The basic premise of the CA Privacy Act, while similar to the General Data Protection Regulation (GDPR), expands consumer rights regarding the collection and protection of personal information. The definition of personal information includes elements of GDPR and adds tracking data and unique identifiers, behavioral and profiling data, and professional data (specifically including employment-related data).
Like the GDPR, the law permits an individual to know what information is being collected about them, with whom that data is being shared and permit data collected about them deleted. The statute adds requirements about the sale/transfer of data to third parties and specifically permits an individual to opt out of data sales to third parties. The Privacy Act, in short, clearly establishes the principle that consumers own and control their personal information.

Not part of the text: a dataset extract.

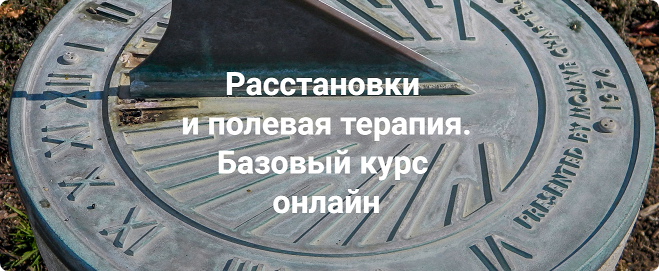 Расстановки и полевая терапия. Базовый курс 2023. Пакет Только теория (Елена Веселаго)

Its greatest impact is likely to affect businesses that monetize personal information by selling such information to third parties.
One unique provision is that the law permits businesses to incentivize consumers who allow for the sale of their personal information. These financial incentives could include a different price, rate, level or quality of goods and services when “reasonably related” to the value provided to the consumer by use of the consumer’s data. However, the law adds potentially conflicting language that says businesses cannot discriminate against consumers who opt out.